その余りにも惨めな姿に、メジコン子爵は憐れむように声を掛けた。
「今更、貴方に何が出来ると言うのです! 昔なら兎も角、今の貴方に付き従う騎士など誰も居ませんよ」
「…何だと…」
リベルサスは茫然として周りを見回す。すると騎士達は皆、彼を鋭い目で睨み付けた。
「リベルサス様、貴方は昔、優れた騎士だった。私を含め、他の騎士たちも皆、貴方を心から尊敬しておりました。ですが、貴方は権力を握る事に固執し過ぎた。清廉さを失い、剣すら握ろうとしない貴方は最早騎士では無い。私如きに易々と組み敷かれる貴方など私達は見たくは無かった…。貴方には何時迄も、私達騎士の憧れであり続けて欲しかった…。残念ですが、先程陛下も仰っていた通り、こうなった以上、せめて武人らしく潔く罪を償って下さい」
メジコン子爵はそう言って悔しそうに目を伏せた。
「リベルサス、お主が雇った者共も命惜しさにあっさりと口を割り、全てはお主とシュナイダーの指示だったと白状したぞ。お主は剣の腕だけで無く部下の忠誠さえ失ったようだな。哀れなものよ。何故こうなったか処罰が決まるまでの間、牢でゆっくりと己の罪と向き合うが良い!!」
お爺様の言葉に数人の兵が駆け寄り、メジコン子爵と共にリベルサスを立たせる。
「放せ!! 俺は大陸を統一する男だ!! 気安く触るな!」
リベルサスは最後まで往生際悪く暴言を吐き暴れながら連れて行かれた。
罪の重さから極刑は免れないだろう。
騎士団に顔が効き、敵に回せば恐ろしい人物……侍女のダリアさんでさえそう評した、傑出した人物であった嘗ての戦争の英雄の無様過ぎる最後の姿だった。

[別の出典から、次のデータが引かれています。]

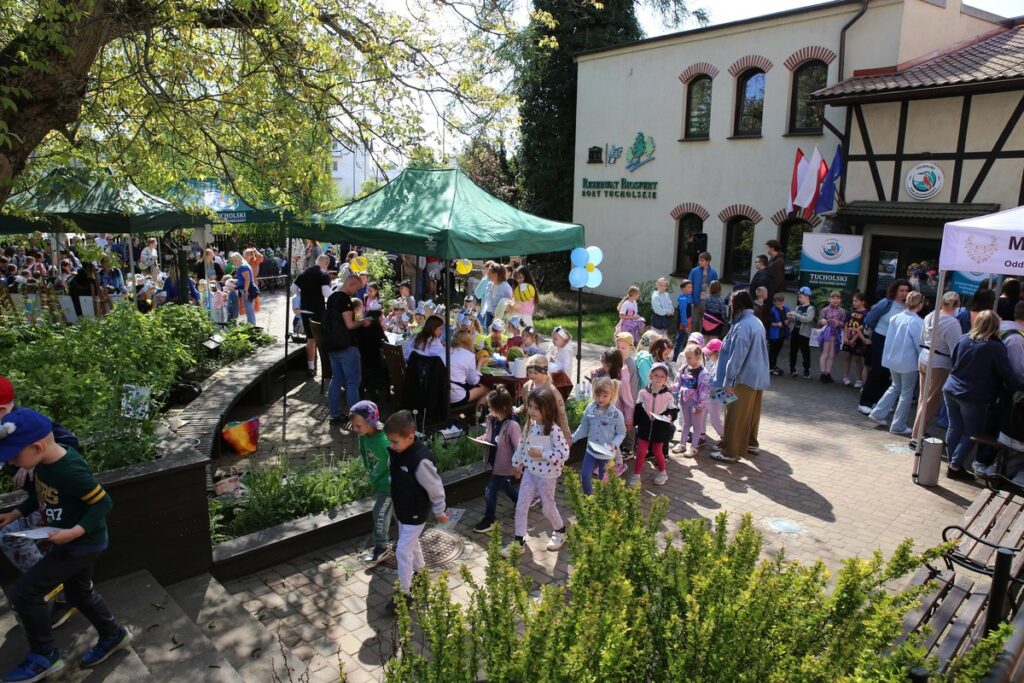 Pszczoły, niezapominajki i przyroda pełna życia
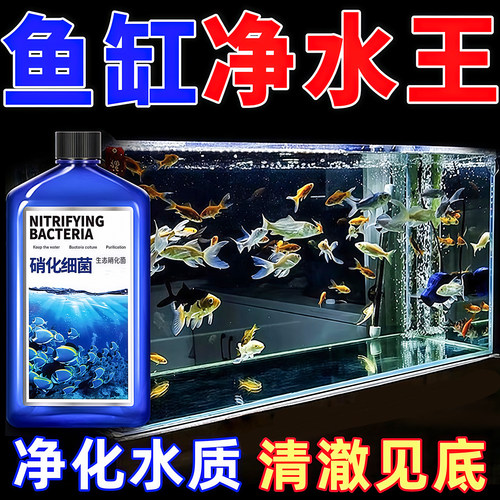 硝化细菌鱼缸专用养鱼活菌净水剂
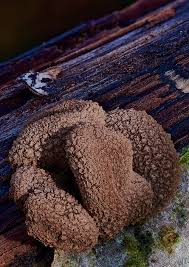 Attēlu rezultāti vaicājumam “Melanospora lagenaria”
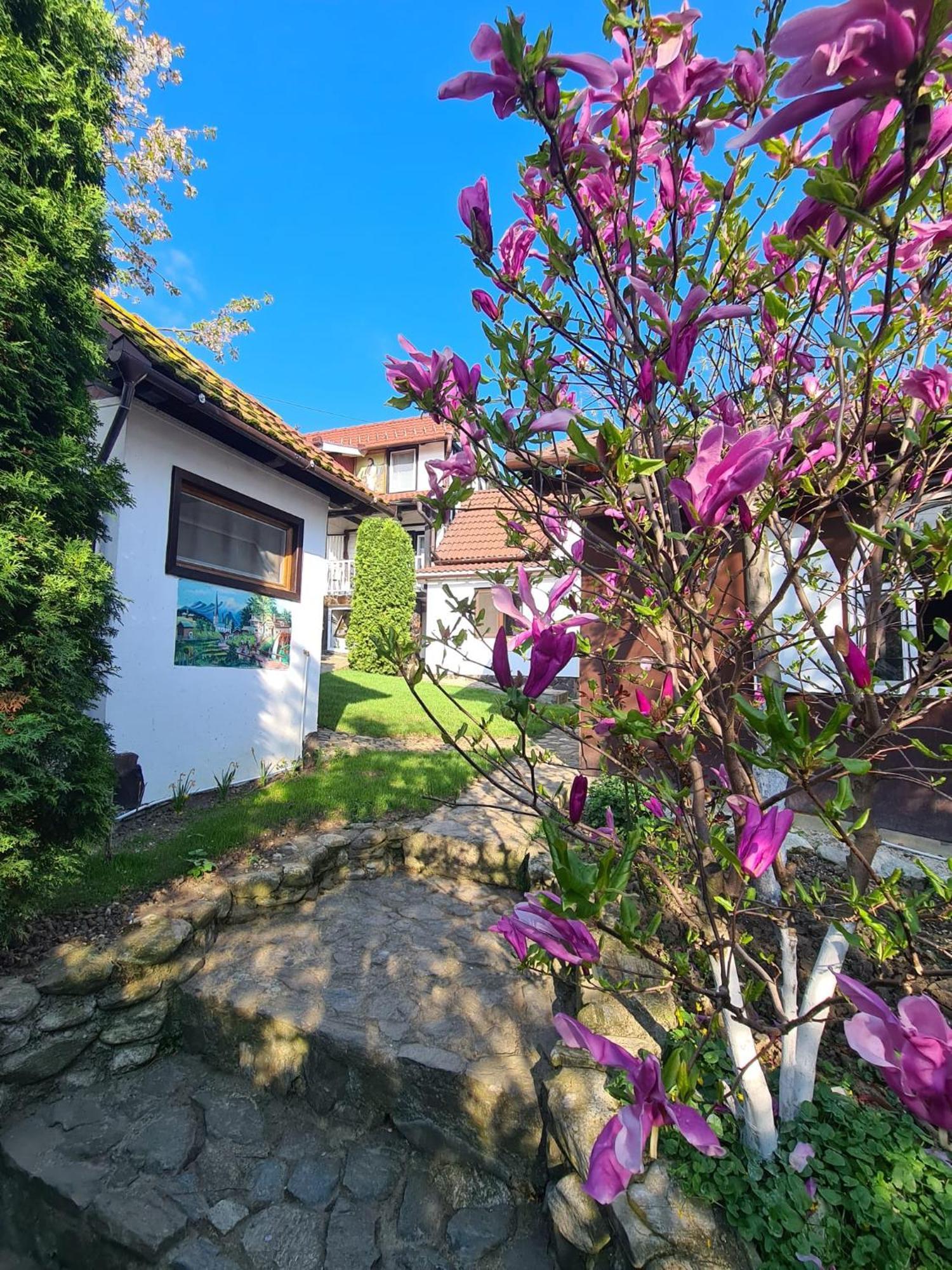 Casa Bonita Saliste Hotel Kültér fotó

騎士達に引き連れられて行くリベルサスを見たシュナイダーは、これからの自分の運命を悟ったのか、俯き拳を握り締めてただ震えていた。そんなシュナイダーをお爺様は射抜く様な鋭い目で見つめた。
「己の罪を受け入れる事さえ出来ぬ者が、他国を攻め、多くの民の命を安易に奪おうなどと…愚かな事よ。大きくなり過ぎた国は、いずれ内側から瓦解する事など歴史が証明しておると言うに…。其方はあの様な男に誑かされ道を誤った。本当に其方とロイドは似た者親子よ」
悲しみを堪え、溜め息を吐いたお爺様にシュナイダーは震えながらも声を荒げた。
「貴方が…貴方が父の事を悪く言うな!! 確かに父は叔母上を殺めたのかも知れない…。でも…父は何も知らなかったんだ! リベルサスに此処に連れて来られた時、父はまだ子供だった。其れを碌に調べもせず養子にまでしておいて、ロドリゲスの息子では無いと分かった瞬間、貴方は父から居場所を取り上げた。皇帝になるべくあれ程努力していた父からだ!!」
シュナイダーの悲痛な叫びにお爺様は驚いた様に顔を強張らせた。
そんなお爺様にシュナイダーは冷淡な笑みを浮かべる。
「ふっ。何を驚いているのです。俺が何も知らないとでも思っていたのですか? 貴方がどれ程隠したつもりでも、人の口に戸は立てられませんよ。俺は全て知っています。叔母を殺めた父が貴方から毒杯を賜った事もね。貴方は俺がリベルサスに唆されたと言いましたね? 違いますよ。俺が奴を利用したんだ。俺はアイツが憎かった。アイツさえ父を此処へ連れて来なければ、父は普通の幸せをつかめた。罪人になどならなかった…。だからアイツの力を利用したんですよ。散々利用して捨てるためにね」
「………」
暴言を吐くシュナイダーをお爺様は何も言わず、ただ憐れむような目で見つめていた。
「アイツは大陸統一なんてバカな夢を未だに見ていた。其処を擽れば簡単に手の平で踊ってくれましたよ? 貴方の最大の過ちは、俺に同情して俺の皇位継承権を奪わなかった事だ…。お陰で俺は貴方が死ねば皇帝になる事が出来る筈だった。貴方の娘が、其処の小娘をセレジストへ返そうとさえしなければね!!」
「……だから…だからテレサを殺めたの? お母様の手紙を持っていたから? どうして? テレサに殺されなければならないどんな理由があったと言うの? 結局貴方が例えどんな言い訳をしたとしても、自分の野心の為に何の罪も無い者を殺めた。それは決して許される事では無いわ!!」
シュナイダーの余りに自分本位な考えに私は黙っている事が出来ず、思わず身を乗り出して叫んだ。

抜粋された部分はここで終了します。